# Tecumseh hard to start



## nt40lanman (Dec 31, 2012)

I have a friend with a 70's Ariens that has a 7hp Tecumseh on it. The engine can be very hard to start, especially when cold, because it feels like it has crazy compression. Recently trying to start it he ripped the rope through the hole in the handle. He fixed that, then literally ripped the handle apart. He was using hd30 oil and I switched him a few years ago to 5-30 or 10-30 (I forget which) but it's still hard to start in the cold. Any ideas?


----------



## HCBPH (Mar 8, 2011)

*Hard to start*

Just sold a Ariens 8 HP the other day that was hard to start. I finally ended up swapping carbs out for a new one that had provisions for a primer bulb along with adding an electric starter. I could not find any other solutions.

Ironically I have another one in the shed right now I may have to do the same thing to.

Wish I had a better solution, that can get a bit expensive.


----------



## nt40lanman (Dec 31, 2012)

The problem isn't the carb, it's compression making it VERY hard to pull over.


----------



## HCBPH (Mar 8, 2011)

*Hard starting*

If that's your issue, no help. Good luck, hope it's easy to fix.


----------



## td5771 (Feb 21, 2011)

it is usually the wrong oil. when you changed the oil a few years ago the new oil may have been cleaning all the gunk out of the motor and now it is like sludge again.

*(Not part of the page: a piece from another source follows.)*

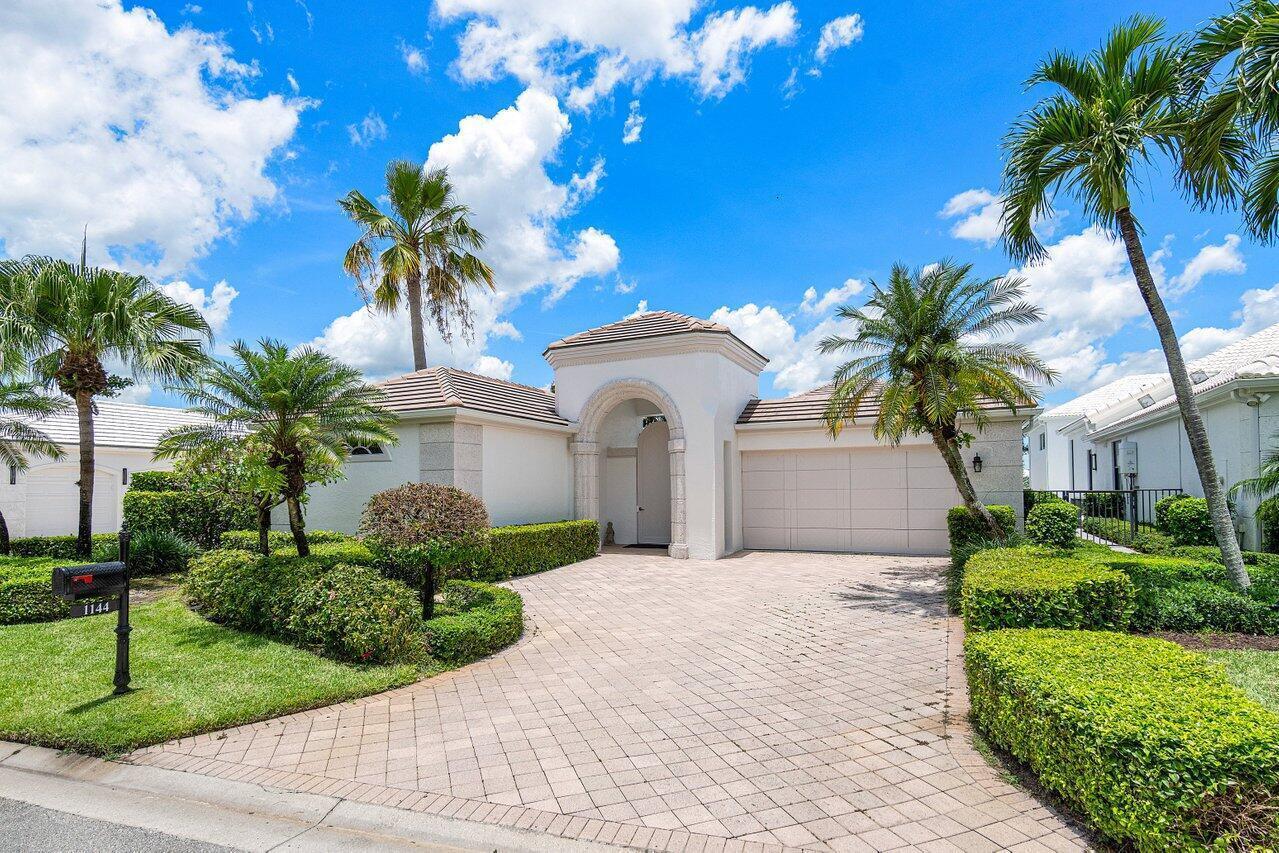1144 Crystal Drive, Palm Beach Gardens, FL 33418, Palm Beach Gardens - Photo 2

I would change the oil out again.

a second thought is maybe the motor is fine. maybe what ever pully/belt set up it is connected to is binding. pully the pulley/pulleys off and try an unloaded motor.


----------



## Shryp (Jan 1, 2011)

The other thing to do would be to adjust the valves on the engine. The old L-Head valves wear and if they are not in spec they can prevent the compression release mechanism from opening the exhaust valve when you try to start it.


----------



## GustoGuy (Nov 19, 2012)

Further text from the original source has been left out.